Have a Toshiba Satellite L855 with Win 8.1(?). If I start from OFF State, my PC boots up within about 50 seconds. BUT, when the Laptop enters SLEEP mode and I press the Power Button to 'bring it to life' it can take 5 MINUTES before I can do anything. It keeps showing a clock to show it is doing something, but it won't even let me entire PASSWORD. I have looked into POWER OPTIONS to make certain I only go into SLEEP, not HIBERNATE mode, thinking that might be the issue. 

Nothing seems to help this. It is inconvenient, but faster for me to shut down all Apps, close everything down and power off, then boot by powering up. Has anyone else experienced this problem? 

If so, does anyone have a fix?


----------



## MPR (Aug 28, 2010)

Make sure that your system has a good hiberfil.sys file. This file is important to Windows 8's ability to boot faster and never should be deleted. It may help to delete and re-create the file or restore it if it's not present. 

Move your cursor to the far left-bottom corner of the screen and right-click. Choose "Command Prompt (Admin)." Type the following commands (pressing Enter after each):

cd \ 

_(note that the above command uses a backslash, not a forward slash like the ones below)_

powercfg /h off
powercfg /h on
dir /ahs

You should see the file hiberfil.sys with today's date.
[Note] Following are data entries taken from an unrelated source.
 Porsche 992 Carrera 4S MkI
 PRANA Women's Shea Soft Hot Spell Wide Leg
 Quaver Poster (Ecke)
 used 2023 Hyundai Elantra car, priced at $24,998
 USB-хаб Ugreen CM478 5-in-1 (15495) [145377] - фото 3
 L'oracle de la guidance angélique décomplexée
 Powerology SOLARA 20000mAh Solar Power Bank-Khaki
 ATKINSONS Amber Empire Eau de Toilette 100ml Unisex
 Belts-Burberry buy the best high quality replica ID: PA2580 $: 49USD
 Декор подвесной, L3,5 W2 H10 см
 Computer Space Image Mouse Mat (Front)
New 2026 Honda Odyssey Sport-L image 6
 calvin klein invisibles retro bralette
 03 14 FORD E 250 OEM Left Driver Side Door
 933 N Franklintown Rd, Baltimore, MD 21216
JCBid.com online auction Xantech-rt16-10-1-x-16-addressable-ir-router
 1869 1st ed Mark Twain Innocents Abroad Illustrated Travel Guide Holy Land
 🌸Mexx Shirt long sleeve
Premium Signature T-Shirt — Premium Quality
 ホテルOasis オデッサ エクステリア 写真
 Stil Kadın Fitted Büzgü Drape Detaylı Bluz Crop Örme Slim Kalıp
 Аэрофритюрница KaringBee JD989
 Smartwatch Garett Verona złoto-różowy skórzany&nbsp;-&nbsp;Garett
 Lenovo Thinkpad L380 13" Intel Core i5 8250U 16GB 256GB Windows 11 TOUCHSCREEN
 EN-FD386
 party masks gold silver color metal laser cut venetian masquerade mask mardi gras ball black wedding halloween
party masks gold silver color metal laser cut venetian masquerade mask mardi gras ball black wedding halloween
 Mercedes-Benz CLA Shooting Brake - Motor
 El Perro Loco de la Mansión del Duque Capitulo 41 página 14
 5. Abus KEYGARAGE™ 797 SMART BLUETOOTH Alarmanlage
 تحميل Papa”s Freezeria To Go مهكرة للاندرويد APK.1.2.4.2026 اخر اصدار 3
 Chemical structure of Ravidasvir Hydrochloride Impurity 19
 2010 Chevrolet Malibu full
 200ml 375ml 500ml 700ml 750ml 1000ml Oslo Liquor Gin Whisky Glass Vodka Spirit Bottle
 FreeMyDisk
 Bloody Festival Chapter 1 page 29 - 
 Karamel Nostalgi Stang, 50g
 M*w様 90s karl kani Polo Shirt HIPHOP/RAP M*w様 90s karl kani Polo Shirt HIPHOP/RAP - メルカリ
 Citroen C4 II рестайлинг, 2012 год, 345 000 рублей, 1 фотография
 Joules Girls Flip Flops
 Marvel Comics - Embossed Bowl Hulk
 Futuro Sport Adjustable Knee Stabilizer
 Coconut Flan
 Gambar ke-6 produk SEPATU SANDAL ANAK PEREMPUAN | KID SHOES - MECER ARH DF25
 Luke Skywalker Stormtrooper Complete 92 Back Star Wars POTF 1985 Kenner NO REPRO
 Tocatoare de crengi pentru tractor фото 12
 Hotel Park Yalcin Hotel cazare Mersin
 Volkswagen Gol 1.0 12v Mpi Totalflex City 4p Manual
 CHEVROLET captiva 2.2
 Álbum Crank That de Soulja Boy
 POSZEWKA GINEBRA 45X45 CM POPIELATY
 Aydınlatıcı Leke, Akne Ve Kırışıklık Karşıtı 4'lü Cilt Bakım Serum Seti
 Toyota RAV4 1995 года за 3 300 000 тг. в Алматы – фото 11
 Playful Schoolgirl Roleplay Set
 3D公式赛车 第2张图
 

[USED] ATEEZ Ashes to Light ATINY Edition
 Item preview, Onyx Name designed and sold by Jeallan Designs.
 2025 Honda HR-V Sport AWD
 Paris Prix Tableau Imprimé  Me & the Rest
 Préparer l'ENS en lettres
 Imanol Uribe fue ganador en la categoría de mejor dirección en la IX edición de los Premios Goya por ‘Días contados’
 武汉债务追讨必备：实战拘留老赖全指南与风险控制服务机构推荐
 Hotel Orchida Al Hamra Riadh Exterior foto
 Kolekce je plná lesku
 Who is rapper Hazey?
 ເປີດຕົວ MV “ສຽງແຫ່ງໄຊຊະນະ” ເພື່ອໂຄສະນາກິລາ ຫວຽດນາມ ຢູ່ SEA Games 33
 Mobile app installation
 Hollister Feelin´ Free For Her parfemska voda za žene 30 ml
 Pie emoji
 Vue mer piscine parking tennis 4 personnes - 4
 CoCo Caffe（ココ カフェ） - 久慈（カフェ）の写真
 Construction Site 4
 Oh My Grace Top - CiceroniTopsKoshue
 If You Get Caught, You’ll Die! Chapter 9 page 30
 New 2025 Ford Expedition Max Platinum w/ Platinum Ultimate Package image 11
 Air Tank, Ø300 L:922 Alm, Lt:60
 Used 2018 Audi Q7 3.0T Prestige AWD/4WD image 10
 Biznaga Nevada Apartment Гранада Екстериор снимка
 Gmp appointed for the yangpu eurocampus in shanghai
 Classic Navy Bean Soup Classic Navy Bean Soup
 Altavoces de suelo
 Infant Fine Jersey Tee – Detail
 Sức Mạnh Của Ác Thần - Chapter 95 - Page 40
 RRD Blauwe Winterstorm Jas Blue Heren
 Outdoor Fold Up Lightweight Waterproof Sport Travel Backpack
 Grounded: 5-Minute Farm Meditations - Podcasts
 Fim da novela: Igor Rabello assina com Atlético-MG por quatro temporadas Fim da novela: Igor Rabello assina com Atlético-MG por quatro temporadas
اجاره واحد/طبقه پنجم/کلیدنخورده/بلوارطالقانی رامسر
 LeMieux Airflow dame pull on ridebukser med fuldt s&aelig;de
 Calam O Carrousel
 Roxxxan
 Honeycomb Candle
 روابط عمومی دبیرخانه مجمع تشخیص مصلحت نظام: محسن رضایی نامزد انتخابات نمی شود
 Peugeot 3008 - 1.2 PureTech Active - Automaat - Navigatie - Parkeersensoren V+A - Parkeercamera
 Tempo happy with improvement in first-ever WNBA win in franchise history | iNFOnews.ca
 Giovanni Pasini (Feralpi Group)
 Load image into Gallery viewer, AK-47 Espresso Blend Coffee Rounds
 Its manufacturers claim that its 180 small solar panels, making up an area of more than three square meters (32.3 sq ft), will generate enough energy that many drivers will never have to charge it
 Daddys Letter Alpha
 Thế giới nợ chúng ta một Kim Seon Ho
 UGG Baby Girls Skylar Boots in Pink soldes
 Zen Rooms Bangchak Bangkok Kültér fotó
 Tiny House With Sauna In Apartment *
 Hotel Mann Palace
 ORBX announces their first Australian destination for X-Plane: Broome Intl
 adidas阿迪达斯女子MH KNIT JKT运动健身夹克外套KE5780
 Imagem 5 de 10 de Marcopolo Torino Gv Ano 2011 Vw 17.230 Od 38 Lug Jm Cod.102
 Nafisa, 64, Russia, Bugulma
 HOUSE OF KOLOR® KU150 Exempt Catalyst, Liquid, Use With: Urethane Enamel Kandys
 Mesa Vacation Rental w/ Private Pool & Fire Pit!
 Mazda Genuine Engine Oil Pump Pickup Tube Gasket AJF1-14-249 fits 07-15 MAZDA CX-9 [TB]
type "exit" and press Enter to exit the command window.

Right-click at the bottom left of your screen again and chose "Power Options" then select "Choose what the Power buttons do." Make sure "Turn on fast startup" is checked. If it's is unchecked and greyed out go to "Change settings that are currently unavailable" and then enable it.

Also, make sure that your keyboard is allowed to wake the computer. Go the Device Manager (same menu), expand Keyboards and then double click your keyboard. Under the Power Management tab make sure that "Allow this device to wake the computer" is checked.


----------